Start of DATA EXCERPTS
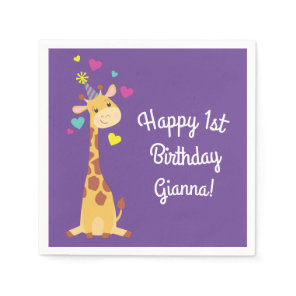 Giraffe Kids Birthday Party Cute Napkins
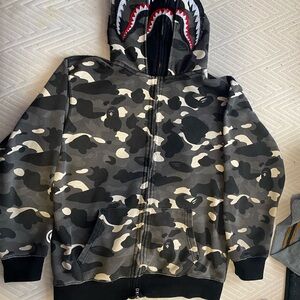 Authentic Bape Black and Gray Camouflage Zip-Up Sweater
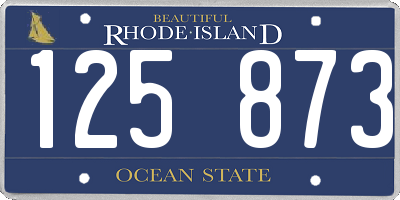 RI license plate 125873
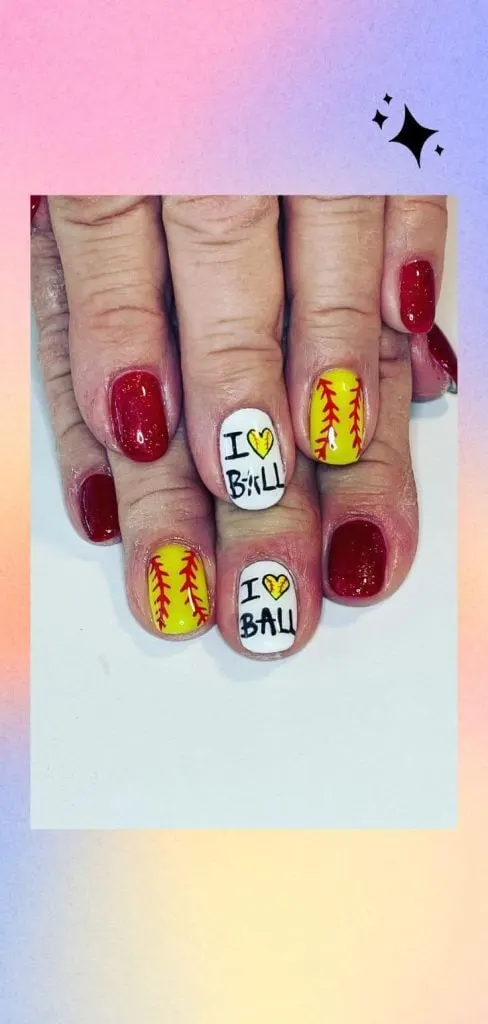 cute softball nail ideas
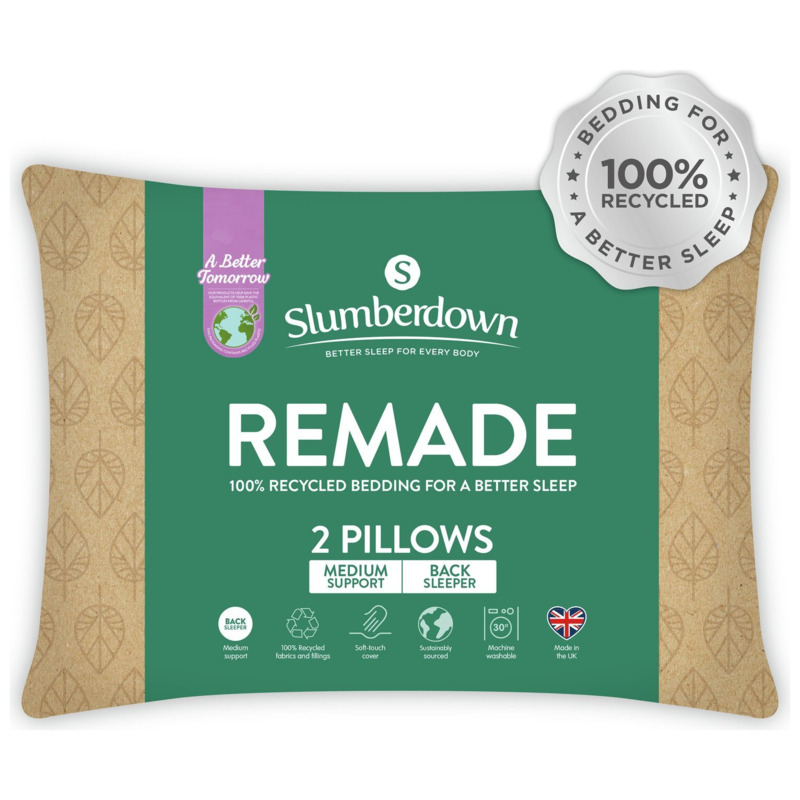 Slumberdown ReMade Medium Pillow 2 Pack by Habitat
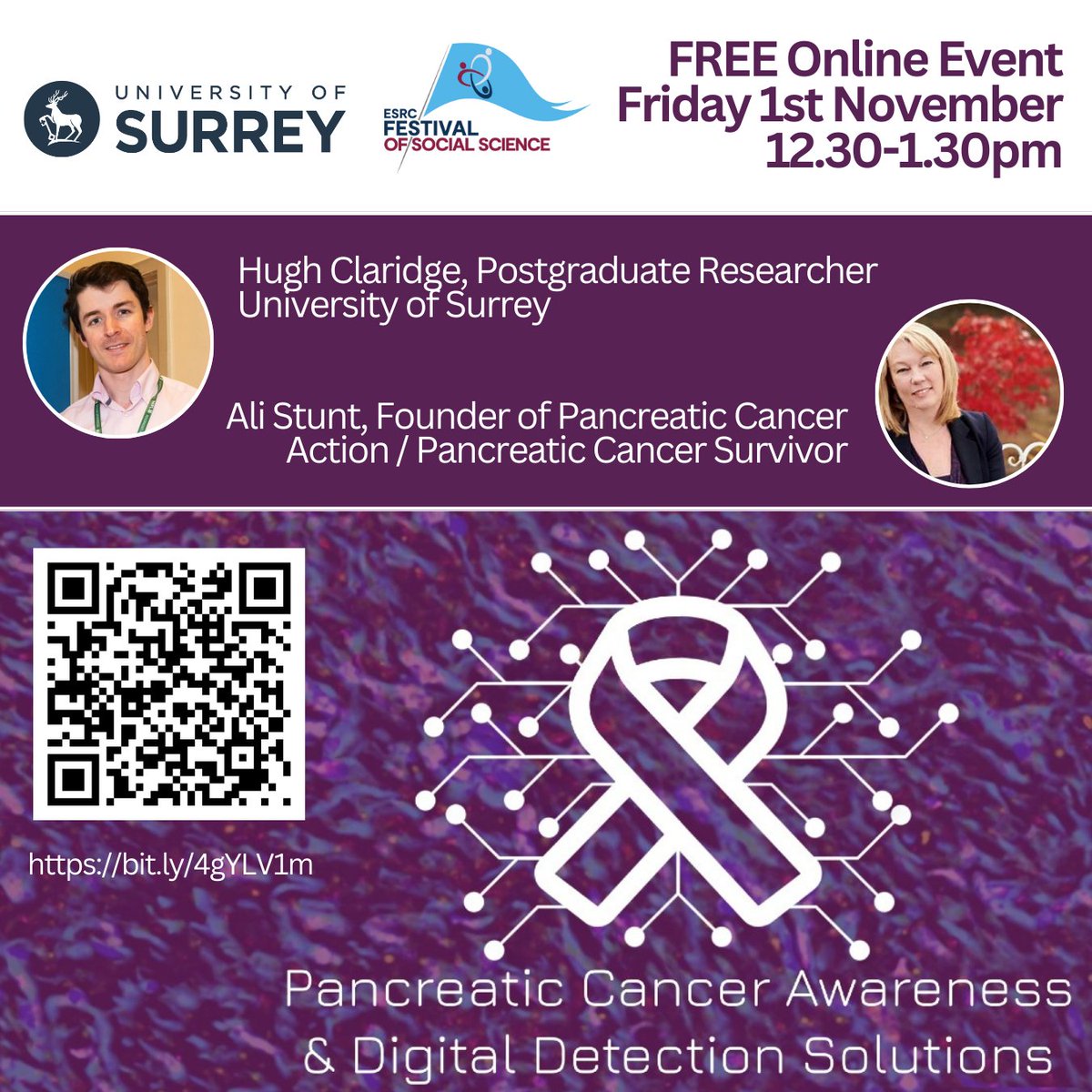University of Surrey ESRC IAA (@esrcimpact) on Twitter photo Join Ali Stunt, Founder of <a href="/OfficialPCA/">Pancreatic Cancer Action</a>, & Hugh Claridge from <a href="/UniOfSurrey/">University of Surrey</a> for this valuable, interactive session, raising awareness of #pancreaticcancer & digital solutions being developed to help GPs diagnose it sooner <a href="/ESRC/">Economic and Social Research Council</a> #ESRCFestival #PancreaticCancerAwarenessMonth. Join Ali Stunt, Founder of <a href="/OfficialPCA/">Pancreatic Cancer Action</a>, & Hugh Claridge from <a href="/UniOfSurrey/">University of Surrey</a> for this valuable, interactive session, raising awareness of #pancreaticcancer & digital solutions being developed to help GPs diagnose it sooner <a href="/ESRC/">Economic and Social Research Council</a> #ESRCFestival #PancreaticCancerAwarenessMonth.
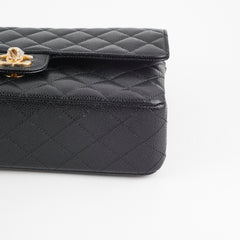 Chanel Medium/Large Double Classic Flap Caviar Black 2023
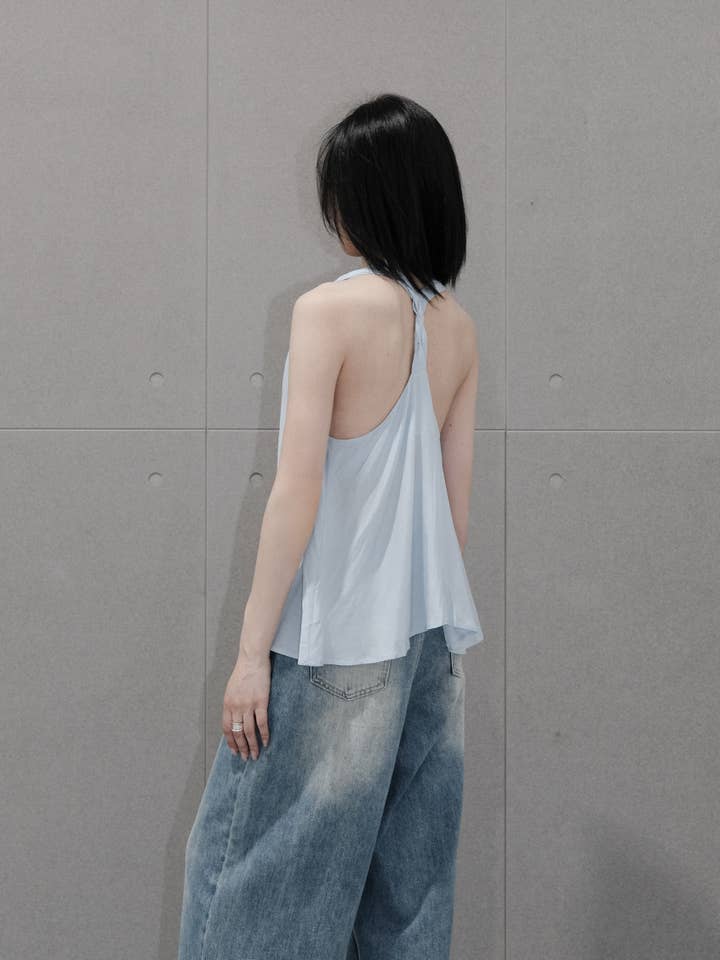 Linen Knot Tank Top for wholesale by Blanc.Noize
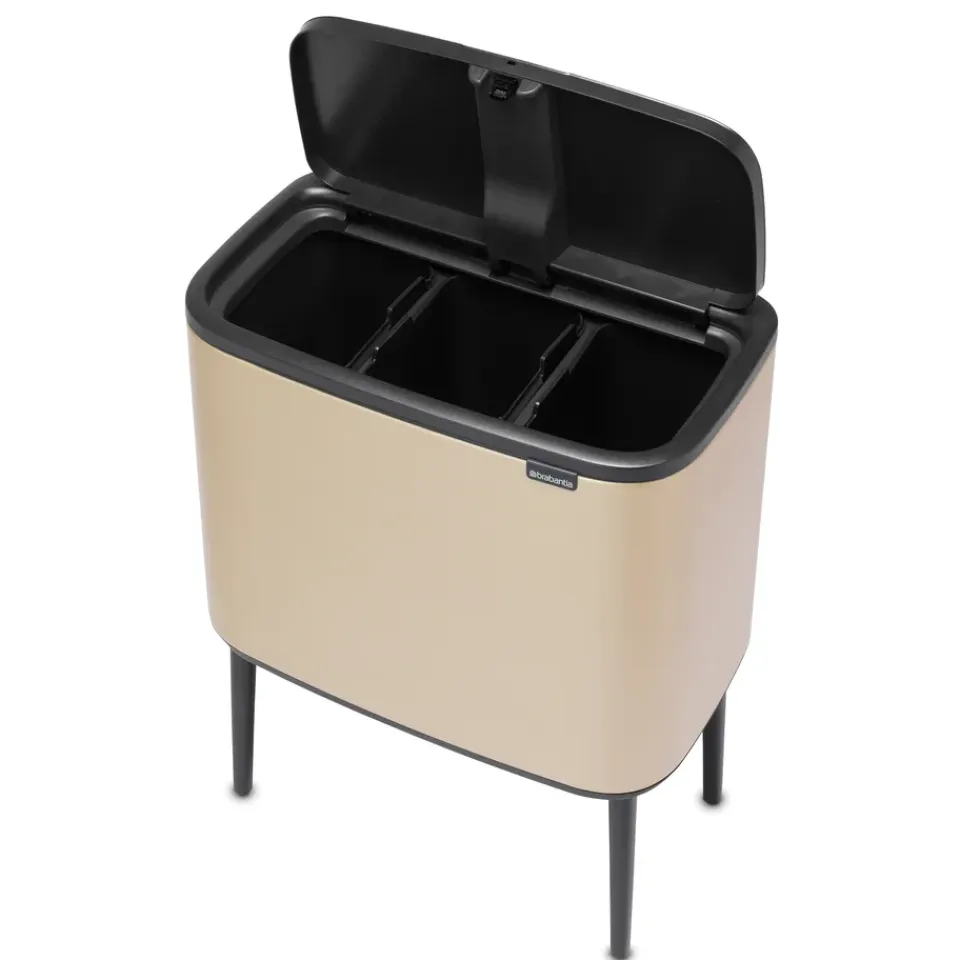 Hot Brabantia Bo Touch Bin 3 x 11 L, Metallic Gold Beige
End of DATA EXCERPTS
ABOUT THIS EXERCISE: Keep each line of the records exactly as it is while transcribing them, but leave the images behind.

OUTPUT BELOW:
 Giraffe Kids Birthday Party Cute Napkins
 Authentic Bape Black and Gray Camouflage Zip-Up Sweater
 RI license plate 125873
 cute softball nail ideas
 Slumberdown ReMade Medium Pillow 2 Pack by Habitat
University of Surrey ESRC IAA (@esrcimpact) on Twitter photo Join Ali Stunt, Founder of <a href="/OfficialPCA/">Pancreatic Cancer Action</a>, & Hugh Claridge from <a href="/UniOfSurrey/">University of Surrey</a> for this valuable, interactive session, raising awareness of #pancreaticcancer & digital solutions being developed to help GPs diagnose it sooner <a href="/ESRC/">Economic and Social Research Council</a> #ESRCFestival #PancreaticCancerAwarenessMonth. Join Ali Stunt, Founder of <a href="/OfficialPCA/">Pancreatic Cancer Action</a>, & Hugh Claridge from <a href="/UniOfSurrey/">University of Surrey</a> for this valuable, interactive session, raising awareness of #pancreaticcancer & digital solutions being developed to help GPs diagnose it sooner <a href="/ESRC/">Economic and Social Research Council</a> #ESRCFestival #PancreaticCancerAwarenessMonth.
 Chanel Medium/Large Double Classic Flap Caviar Black 2023
 Linen Knot Tank Top for wholesale by Blanc.Noize
 Hot Brabantia Bo Touch Bin 3 x 11 L, Metallic Gold Beige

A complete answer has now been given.